Aber um beim Bahnthema zu bleiben, denn darum geht es hier. Die TAV könnte auf der Strecke bleiben über all dem Politgeschachere, das ist aus Bahnsicht die schlechte Nachricht. Und dass mit Neuwahlen die TAV einhergeht mit Rassismus der verschärften Art, das ist wohl keine vernünftige Aussicht, die man als Kombination zur Wahl bekommt. Wieder mal ein Beweis mehr, dass Verkehrspolitik endlich von der normalen Politik abgegrenzt werden sollte, es könnte sonst noch ungemütlicher werden, als es eh schon ist. Verkehrspolitik ist zu wichtig, um als Sündenbock für Koalitionsgeplänkel missbraucht zu werden.

Re: [IT] Regierungskrise wegen SFS Lyon - Torino

geschrieben von: manuelo

Datum: 10.08.19 23:33

bollisee schrieb:
Aber um beim Bahnthema zu bleiben, denn darum geht es hier. Die TAV könnte auf der Strecke bleiben über all dem Politgeschachere, das ist aus Bahnsicht die schlechte Nachricht. Und dass mit Neuwahlen die TAV einhergeht mit Rassismus der verschärften Art, das ist wohl keine vernünftige Aussicht, die man als Kombination zur Wahl bekommt. Wieder mal ein Beweis mehr, dass Verkehrspolitik endlich von der normalen Politik abgegrenzt werden sollte, es könnte sonst noch ungemütlicher werden, als es eh schon ist. Verkehrspolitik ist zu wichtig, um als Sündenbock für Koalitionsgeplänkel missbraucht zu werden.
Und wer soll dann die Verkehrspolitik übernehmen?

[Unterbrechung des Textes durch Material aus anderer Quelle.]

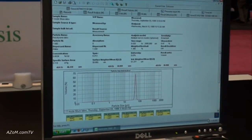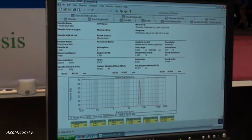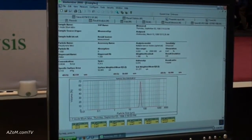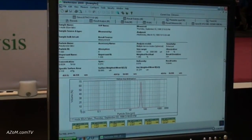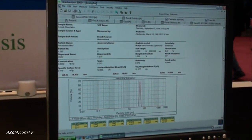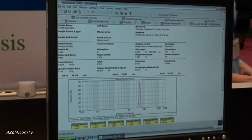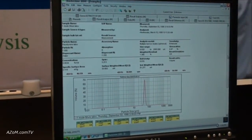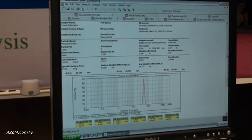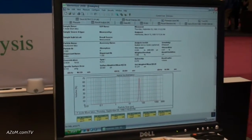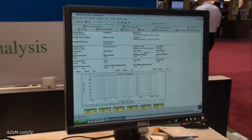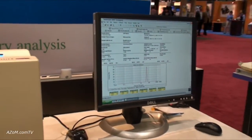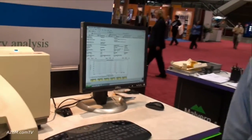It's very easy to export the data instantly into a program like Excel, for example, for calculations in a different software program. The software is FDA Part 11 compliant, which is typically required in the pharmaceutical industry. We also offer free software upgrades over the internet, so it's very easy to keep current with the latest software that Malvern offers for the Mastersizer 2000.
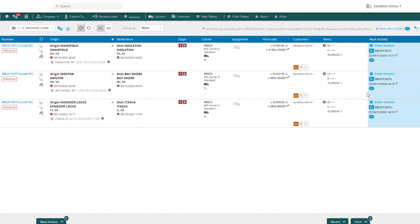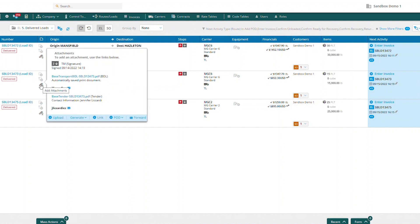Now we can see that the blue button for add POD has gone away and we've got our next activity, which is enter invoice in our workflow. And here on the paperclip icon that we hovered over, you can now see there's another attachment showing our signature. TM is the signature and it was signed on 9/14 at 14:19 as delivered.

Irgendeine unabhängige Kommission? Wer besetzt Diese am Anfang? Wie kommen neue Mitglieder in die Kommission? Wie wird festgelegt in welche Richtung die Verkehrspolitik entwickelt wird? Was passiert wenn sich Regierung und Kommission nicht einig sind? Ganz wichtig dann noch: Wer beschließt den Finanzrahmen für die Verkehrspolitik bzw. einzelne Projekte?

Man kann es drehen und wenden wie man will. Auch die Verkehrspolitik muss wie jedes andere Thema bei der allgemeinen Politik bleiben. Mir ist schon klar, dass manche anscheinend hier gerne ein "Bahndiktatur" hätten. Käme aber eine "wir versehen alle Autobahnen mit Oberleitungen Diktatur" raus würden die gleichen Leute ganz laut schreien.